Will private investment save women's health research and care?
Exactly when the Feds are slashing medical research funding, these private companies are stepping up. As women we need to know who’s helping us--so we can help them.
Click to skip to (the other) Maryann’s terrific article, The Autoimmune Gender Gap: 10 Private Companies Advancing Women’s Health. Here’s her Substack page, and here’s more about her and why she does this. I’m a fan.
Autoimmune diseases disproportionately impact women’s lives, bodies and brains. Below, we’ve included the top (worst) 10 for women and info links for each, and a gifted article on the impact of NIH pulling the rug out from under existing research, affecting 300,000 scientists and—very directly—our health prospects.
We were ripping right along. And then…skid!
US medical research historically excluded female participants. Research was done on men and generalized to women—the “women are just littler men” theory. You may have experienced how well that’s worked on everything from office desk chairs to smart phone size to stretching your arms to get to the car steering wheel. Glass staircases are particularly special. [Here are 18 more.]
In the past twenty years, there’s been a race to catch up on women’s health research, but even today, only a third of medical research studies include women. The result is that we know a whole lot more about men’s diseases, and far less than we should about diseases more often experienced by women, like autoimmune disorders, for which women are at greater risk than men.
But since 2020, things had really started to change in our favor with research designed specifically on diseases women experience more or differently than men, and a federal call for more research specific to women. And then…the election.
Now the National Science Foundation, the National Institutes of Health and other science agencies are scrambling to comply with administration orders to eliminate federal support for diversity, equity and inclusion efforts, with words like “female,” “woman,” and “male-dominated” removed from grant proposals on gender preference grounds. Cuts are shutting down studies on Alzheimer’s care, uterine fibroids and pregnancy risks because they focus on the impact on women.
“In just six weeks, the Trump administration overturned NIH’s leadership, slowed its main mission of identifying the best new science to fund, and silenced personnel at the biggest sponsor of biomedical research in the world—a nearly $48 billion enterprise that supports the work of some 300,000 external scientists.” [Click for GIFTED article]
The young gun tech bros of DOGE weren’t hired to be discerning about how those words are used or understood, and—as has been happening elsewhere—there are hints some revisions to the revisions may be coming.
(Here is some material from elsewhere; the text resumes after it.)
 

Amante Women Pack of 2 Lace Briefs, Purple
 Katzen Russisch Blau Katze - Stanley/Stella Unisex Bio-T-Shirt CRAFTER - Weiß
But just yesterday, the administration cancelled hundreds of millions more in grants already in process for being “inconsistent with department priorities,” leaning on a change made late in the last Trump administration in an early January OMB regulation no one noticed at the time in the onslaught of the pandemic.
Now, more than ever, if we’re to ramp up research on diseases experienced disproportionately by women, private biotech and health tech startups are likely the answer
Autoimmune diseases are predominantly women’s issues: 4 out of 5 autoimmune cases are in women, which meant that, for a long time, the debilitation and pain were just “in our heads.” Now we at least know it’s not all in our heads; in fact, these diseases can have a deadly effect on multiple organis in our bodies.
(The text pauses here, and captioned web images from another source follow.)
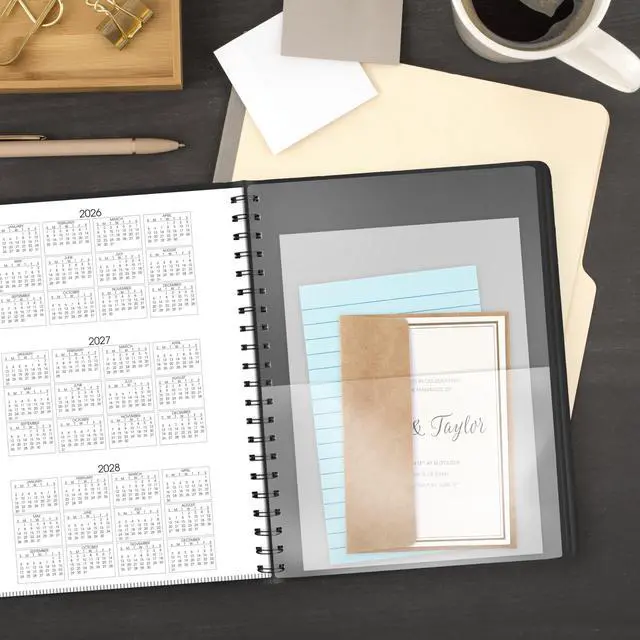 Alt view image 4 of 7 - 2027 Appointment Book Planner, Daily Group Planner, 8" x 11", Four Person, Quarter-Hour, Black (708220527)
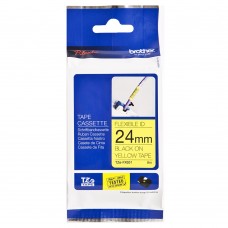 Brother TZe-FX651 Black on Yellow (24mm) Flexible Identification Tapes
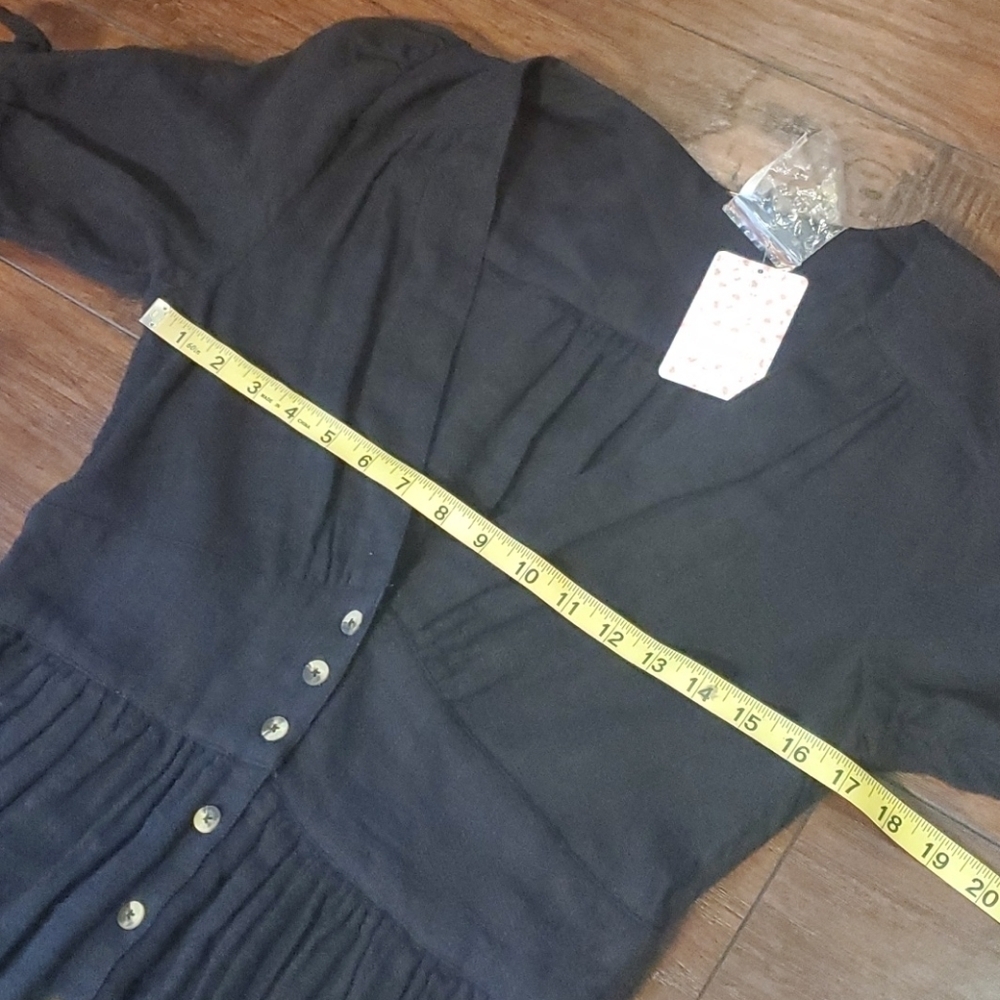 Free People Black Midi Button-Front Dress - Picture 12 of 14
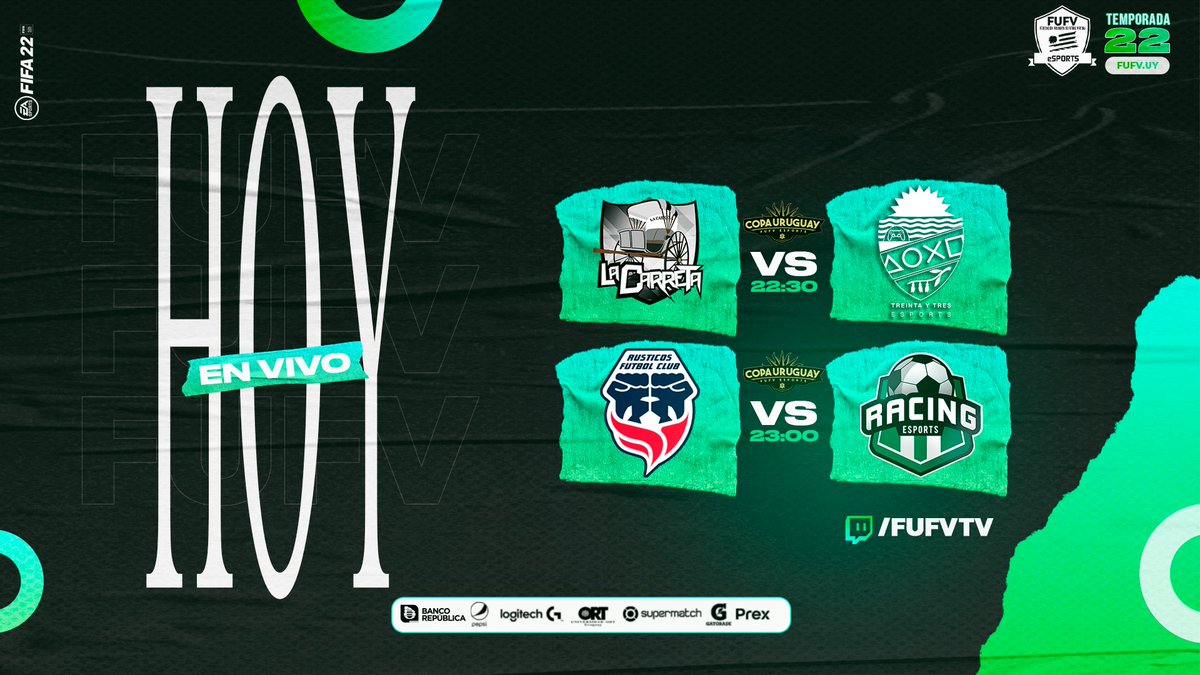 Esta noche en VIVO 📺🎙️

 #CopaUruguayFUFV "Jonathan González"⭐🏆🇺🇾🎮⚽

Semifinales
The top 10 autoimmune diseases disproportinately affecting women are rheumatoid arthritis, lupus (SLE), multiple sclerosis, Sjögren's syndrome, scleroderma, thyroid diseases (Hashimoto's thyroiditis, Graves' disease), inflammatory bowel disease (IBD), psoriasis, psoriatic arthritis, and type 1 diabetes (T1D), which can really impact our reproductive systems.
Right now, healthcare predominantly just tries to suppress these diseases. What we don’t know is immense, from how to screen effectively, how to prevent or slow the disease process, and how to treat them more successfully, or even cure them.
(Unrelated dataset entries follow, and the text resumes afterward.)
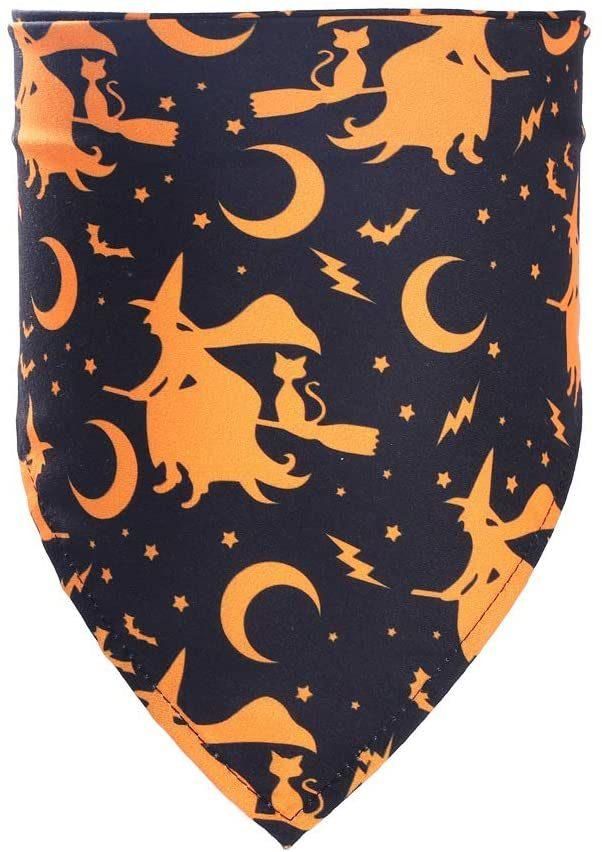 Halloween Dog Bandanas and Collars Set, Pumpkin Witch Ghost Costume Triangle Pet Scarf & Collar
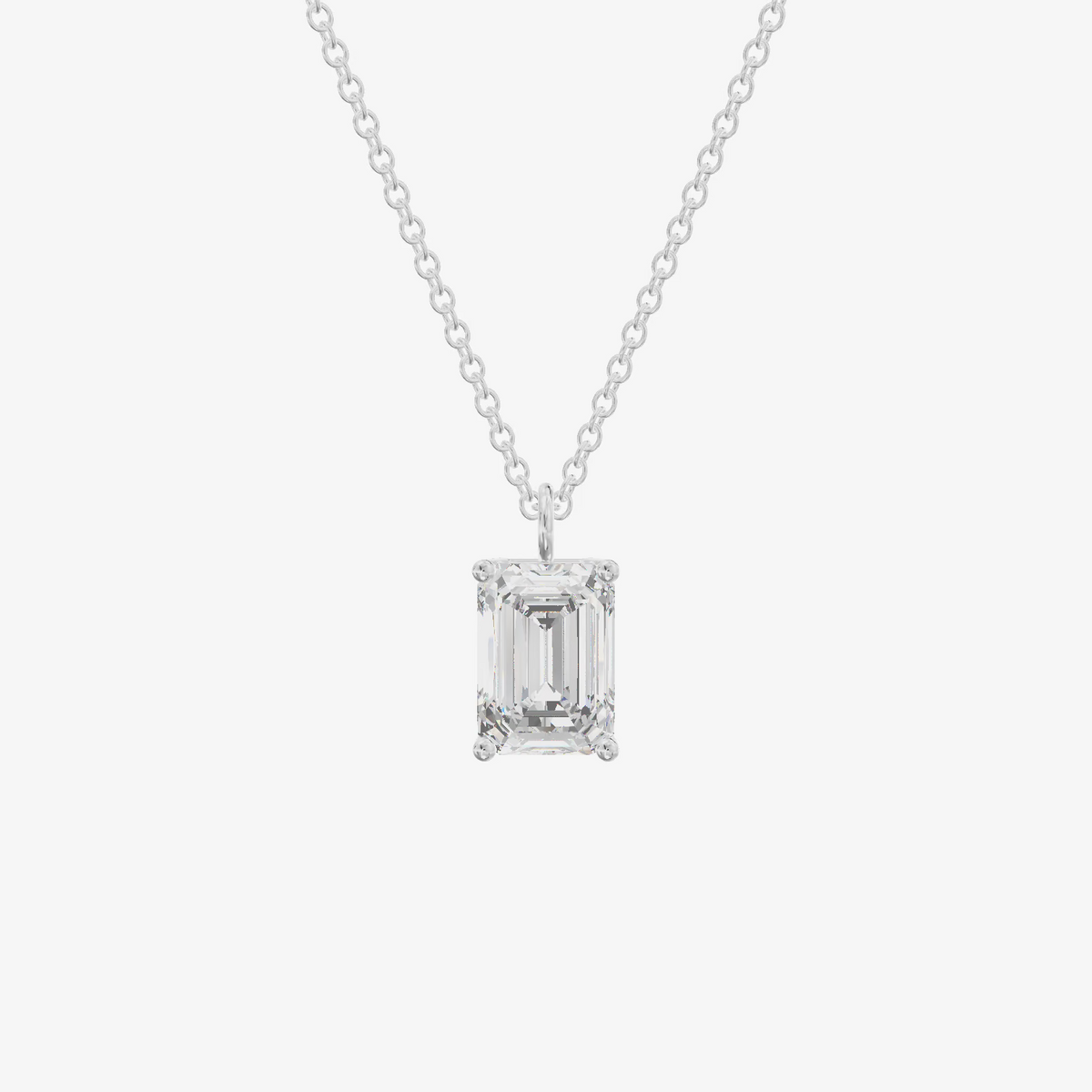 Floating Emerald Cut Solitaire Pendant (1.27 ct.) in 18K White Gold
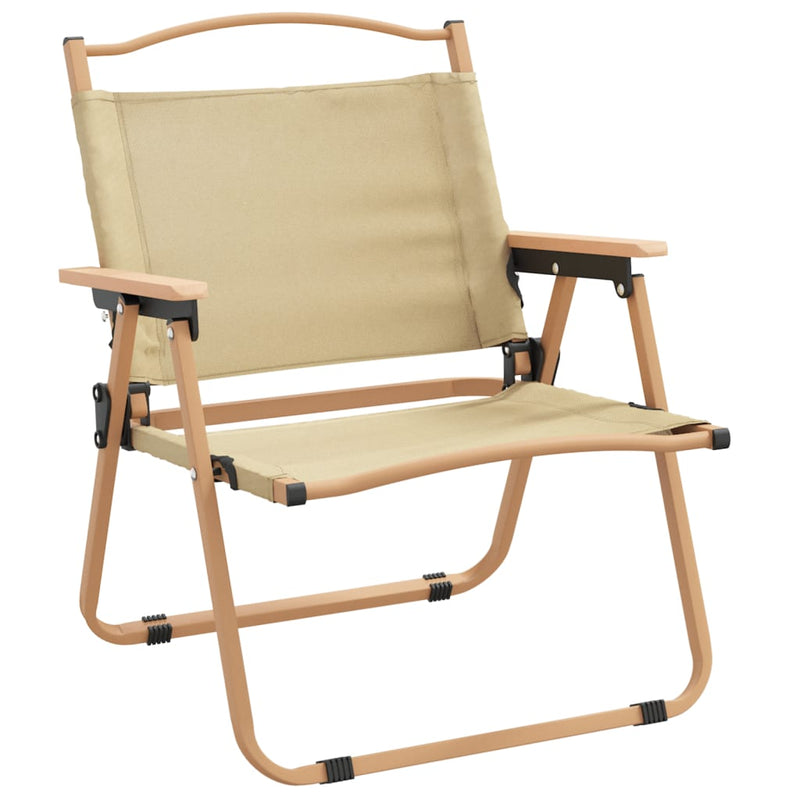 vidaXL Camping Chairs 2 pcs Beige 54x43x59 cm Oxford Fabric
The good news—I guess—is that we lost so much time studying them that we’re about to leap from old 20th century research processes right into precision medicine from biotech on many of these problems. Studies like Genes for Good at University of Michigan are combining hundreds of thousands of anonymized DNA data files to solve diseases like we’ve never been able to before.
But U of M’s research is likely at least partly funded by NIH, and could be pulled anytime. Private companies don’t have that problem. Autoimmune diseases are a $50B+ market, and women now have their own money1, thanks to Boomers who broke the glass ceiling. To riff on the UBS wealth info, we have always had the purpose; now we also have the parity and the power, as consumers and investors ourselves. And private equity noticed.
Click for another great post from Maryann (FemmeHealth Ventures), The Autoimmune Gender Gap: 10 Private Companies Advancing Women’s Health. She lists companies taking up the reigns on these historically understudied diseases, targeting women-specific autoimmune conditions with precision medicine. They’re attracting major private funding from top biotech investors and VCs, and likely providing future investment opportunities for women to help women. Stay tuned…these are exciting times!
You may need to sign up for a free Adobe account to the read the article on women’s wealth from UBS. It’s worth it. UBS, Union Bank of Switzerland, is a global financial services company headquartered in Zurich, Switzerland, known for its wealth management, asset management, and investment banking services.